D. Manfaat Penelitian
Adapun manfaat penelitian ini adalah :
1. Manfaat Teoritis
Hasil penelitian ini dapat menambah serta mendukung perkembangan ilmu
pengetahuan di bidang kesehatan masyarakat, khususnya pada kesehatan ibu dan
kesehatan anak.
2.Manfaat Praktis
Adapun manfaat praktis dari penelitian ini adalah :
a. Manfaat Untuk Peneliti
Dapat menambah pengetahuan dan pengalaman dalam mengimplementasikan
ilmu yang diperoleh selama kuliah di Jurusan Gizi Politeknik Kesehatan
Kemenkes Mataram.
b. Manfaat Untuk Institusi
Sebagai sumber informasi dan dokumentasi ilmiah yang dapat
bermanfaat dalam pengembangan studi serta referensi bagi peneliti selanjutnya.
c. Manfaat Untuk Responden
Bagi orang tua khususnya ibu hamil memperoleh informasi mengenai makanan
yang sehat sehingga tidak melahirkan BBLR yang menyebabkan balita
mengalami hambatan dalam pertumbuhan.
BAB II
TINJAUAN PUSTAKA
A. Landasan Teori
a. Pengertian Gizi
Gizi (Nutrition) adalah suatu proses organisme menggunakan makanan yang
dikonsumsi secara normal melalui proses digesti, absorpsi, transportasi,
penyimpanan, metabolism dan pengeluaran zat-zat yang tidak digunakan, untuk
mempertahankan kehidupan, pertumbuhan dan fungsi normal dari organ-organ,
serta menghasilkan energi (Supariasa, 2014).
Sampai saat ini dikenal kurang lebih 45 jenis zat gizi dan sejak akhir tahun
1980an dikelompokan keadaan zat gizi makro yaitu zat gizi sumber energi berupa
karbohidrat, lemak dan protein dan zat gizi mikro yaitu vitamin dan mineral
(Supariasa, 2004).
b. Pengertian Status Gizi
Menurut Suhardjo (1983), status gizi adalah keadaan tubuh sebagai akibat dari
pemakaian, penyerapan, dan penggunaan makanan. Makanan yang memenuhi gizi
tubuh, umumnya membawa ke status gizi memuaskan.

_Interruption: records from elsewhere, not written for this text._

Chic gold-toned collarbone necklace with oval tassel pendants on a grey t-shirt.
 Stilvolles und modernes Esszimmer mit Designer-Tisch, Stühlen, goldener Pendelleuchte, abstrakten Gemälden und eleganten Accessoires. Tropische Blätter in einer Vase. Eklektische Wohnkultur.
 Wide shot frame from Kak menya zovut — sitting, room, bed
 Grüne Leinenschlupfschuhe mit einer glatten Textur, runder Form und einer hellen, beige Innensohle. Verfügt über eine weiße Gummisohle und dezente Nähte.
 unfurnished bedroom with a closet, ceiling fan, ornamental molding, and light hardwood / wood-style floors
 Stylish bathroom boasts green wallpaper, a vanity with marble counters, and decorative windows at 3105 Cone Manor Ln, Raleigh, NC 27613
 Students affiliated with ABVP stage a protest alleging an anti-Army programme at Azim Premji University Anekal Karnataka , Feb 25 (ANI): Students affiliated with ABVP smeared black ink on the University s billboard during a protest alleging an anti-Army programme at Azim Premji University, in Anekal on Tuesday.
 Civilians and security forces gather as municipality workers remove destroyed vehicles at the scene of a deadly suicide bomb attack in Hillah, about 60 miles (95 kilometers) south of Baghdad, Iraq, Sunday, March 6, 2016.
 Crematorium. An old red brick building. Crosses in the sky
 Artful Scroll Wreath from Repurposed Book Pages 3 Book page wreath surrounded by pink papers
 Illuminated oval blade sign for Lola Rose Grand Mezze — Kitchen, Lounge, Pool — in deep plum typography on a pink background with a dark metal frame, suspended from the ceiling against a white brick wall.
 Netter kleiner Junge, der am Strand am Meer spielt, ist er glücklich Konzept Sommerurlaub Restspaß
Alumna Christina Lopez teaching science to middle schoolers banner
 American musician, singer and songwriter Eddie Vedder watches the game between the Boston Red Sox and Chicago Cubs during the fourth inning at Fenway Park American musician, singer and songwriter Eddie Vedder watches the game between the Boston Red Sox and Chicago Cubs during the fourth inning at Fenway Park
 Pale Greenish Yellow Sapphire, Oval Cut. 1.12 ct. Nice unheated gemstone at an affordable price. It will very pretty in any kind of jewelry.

Sebaiknya jika kekurangan
atau kelebihan zat gizi esensial dalam makanan untuk jangka waktu yang lama
disebut gizi salah.
Status gizi merupakan ekspresi dari keadaan keseimbangan dalam bentuk
variabel tertentu. Contoh : Gondok endemik merupakan keadaan
ketidakseimbanganpemasukan dan pengeluaran iodium dalam tubuh (Supariasa,
2014).
d. Balita
Balita adalah anak dengan usia dibawah 5 tahun dengan karakteristik
pertumbuhan cepat pada usia 0-1 tahun, dimana umur 5 bulan berat badan naik 2
kali berat badan lahir dan berat badan naik 3 kali dari berat badan lahir pada umur 1
tahun dan menjadi 4 kali pada umur 2 tahun. Pertumbuhan mulai lambat pada masa
pra sekolah kenaikan berat badan kurang lebih 2 kg per tahun, kemudian
pertumbuhan konstan mulai berakhir (Widyawati, 2016).
Status gizi anak balita di Indonesia hingga saat ini masih memprihatinkan.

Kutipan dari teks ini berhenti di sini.